The Architecture of Song
Page 14
‘Luv,’ she said. ‘Luv, I always said if there’s anythin’ yer wanted me ta make, let me know. Nothin’s too good fer yer, kid. Nothin’. Yer made me cry, yer did. Yer lovely voice like. Ow is yer, Hogie?’
‘Hogie was the monkey,’ Augustus protested. ‘I’m Augustus, the dwarf.’
‘Awww,’ she groaned.
‘But I am well, Needly,’ Augustus recovered. ‘Very well in fact. Um, is it all right if I call you Needly?’
‘Course,’ she laughed. ‘Them circus days all gone now, eh?’ Don’t care whatcha call me no more. All gone that lot. An’ I don’t miss ’em neither.’
‘I live with Rosa Colleano and Stan the Roustabout,’ Augustus admitted.
‘Rosa? Her what killed the monkey?’
‘Did she?’ Augustus gasped, being ignorant of the murderer’s identity. ‘I don’t believe you. Never!’
‘Humph,’ Needly shrugged. ‘Then don’t believe me. But everybody knows. All except you. And that Stan, a course. Would have been the end of him, eh?’
So Augustus understood. After all these years. The sense of it, he thought. The raw and bloody logic. The cold hard cruelty. And after Barkus, it had to be. It had to be Rosa.

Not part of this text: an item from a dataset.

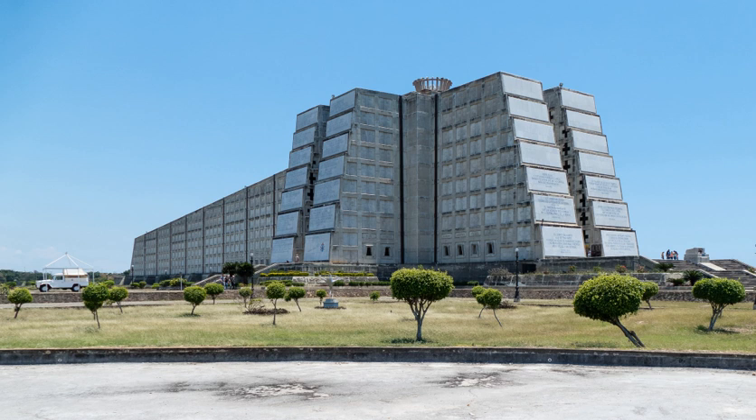The Columbus Lighthouse is a cross-shaped monument made of reinforced concrete. Its dimensions are 680 feet by 195 feet. There are 157 beams of light that emanate towards the sky from the structure and a rotating beam which can be seen from space.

‘I’m sorry Needly, I never knew. It had to be Rosa, hey?’
Seeing his surprise, Phyllis backed away. ‘So they say,’ she fussed, ‘so they say. It was that Bertie Sullivan who told me. But who’d believe Bertie Sullivan? So forgit it. Forgit it, eh. That Stan, he’s a good man, eh? I liked him.’
‘Yes,’ Augustus agreed, his head reeling, perhaps from the news about Hogie’s murderer or possibly, and equally potent, that goaty cheese, all manky and mouldy in the chest pocket of his lederhosen. ‘Stan is a good man. But I was wondering, Needly, could you make me a uniform?’
‘Tell me whatcha after and I’ll run it up fer ya,’ she declared.
‘A school uniform,’ he admitted, somewhat sheepishly, ‘for St Sufferings Church of England Boys School. I’ll pay, of course. I’ve got a tin full of money …’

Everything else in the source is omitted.